Sky Sports Halo’s launch was a disaster: why are we still not taking women’s consumption of sport seriously?
Sky Sports’ new content channel aimed at female fans is being relentlessly condemned across the sporting world – and for good reason, writes Freya Compton
Just 3 days ago on Friday Sky Sports launched their new TikTok channel: Sky Sports Halo. But while it claimed to be a positive space for female sporting fans to enjoy, promoting women’s voices, it has quickly been slated for its utterly patronising, sexist portrayal of female sports fans.
From calling the channel ‘the little sis of Sky Sports’, to using pink glittery font in every video, and focusing on the personal lives of athletes and their WAGs, Halo has been a disaster. One particular video that has been criticised features a Haaland goal with the caption “how that matcha + hot girl walk combo hits,” garnering flabbergasted comments such as: “thanks for dumbing it down for me!;” “this gotta be a social experiment;” and “you know you don’t have to yassify it for us […] right?”. When fans pointed out that the attempt was demeaning, watering down sport for female fans, or focusing on the women connected to male athletes, the account responded “can’t believe you’re bringing this energy,” and doubled down on their methods. What’s next, explaining the offside rule using make-up?

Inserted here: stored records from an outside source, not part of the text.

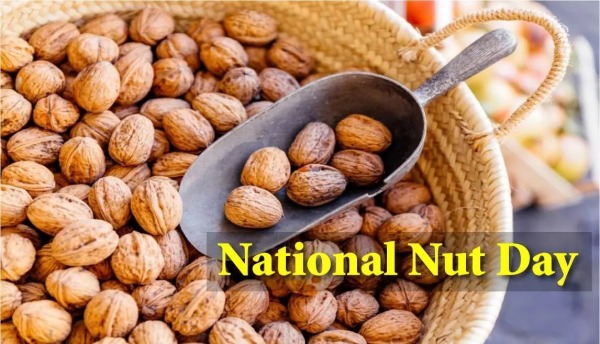 National Nut Day Pic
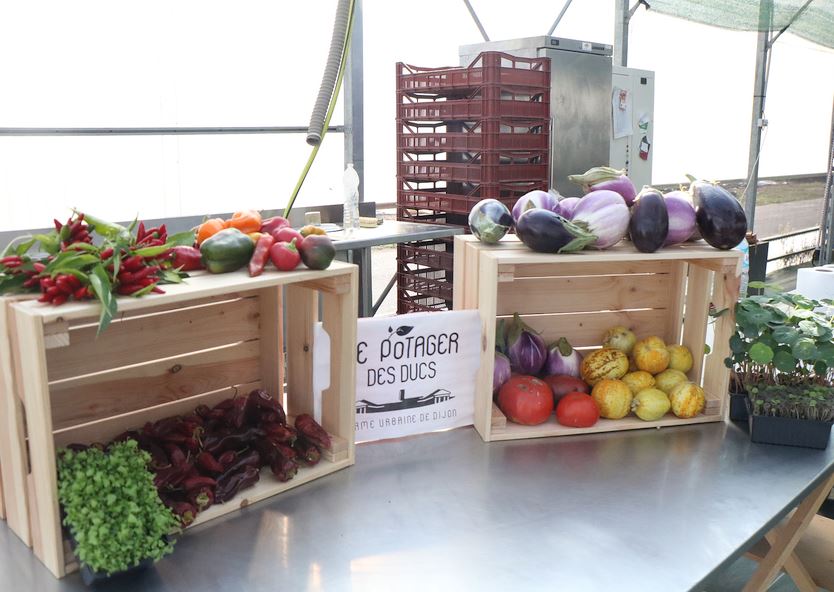 Dijon, Le Potager des ducs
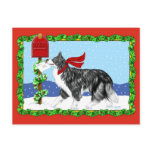 Christmas Border Collie Mail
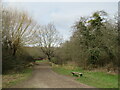 Track onto Ashtead Common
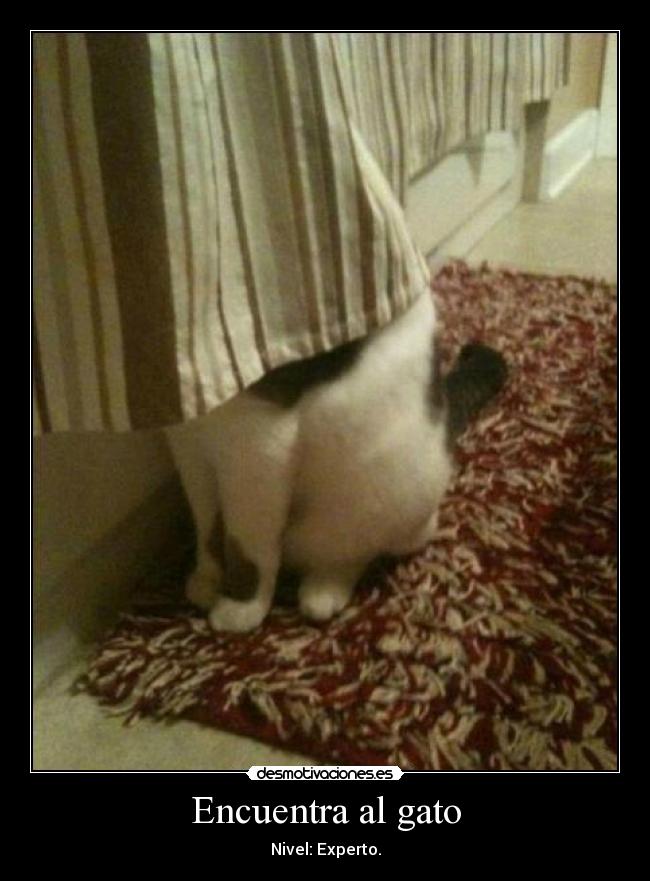 Encuentra al gato - Nivel: Experto.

It’s so shameless that it’s scarcely believable, at first leading fans question if it was even a legitimate account. So how on earth did an initiative like this get through the UK’s biggest sports provider platform? And are we overreacting to what is simply a misguided attempt at a good idea?

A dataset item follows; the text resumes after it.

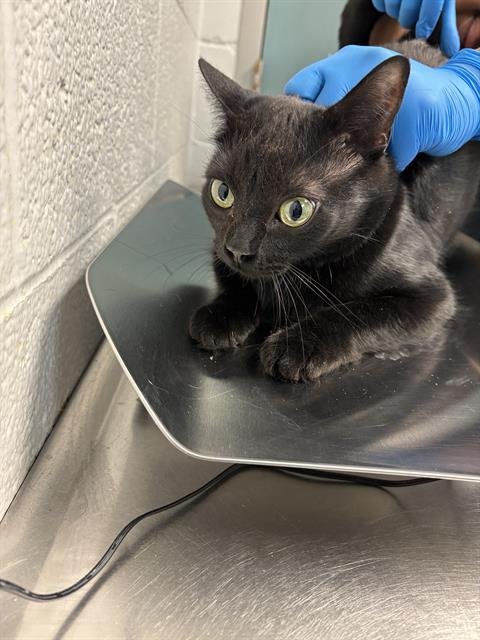 NOVA - Domestic Short Hair available for adoption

“What’s next, explaining the offside rule using make-up?”
Sky Sports is often praised for their balanced content, rarely missing the mark this dramatically. So it’s likely the episode began with a well-meaning idea from executives, asking for a new method to engage with young female fans, or an update to their social media outreach. The mistake comes when you ignore all that you know about sport-loving women and girls, and blindly bring in an agency known for producing high-performance content. But there’s a difference between weaving Gen Z referential humour into sports content, and flat out undermining any respect for sports fans – reducing their audience to brain-rot-loving giggly teens.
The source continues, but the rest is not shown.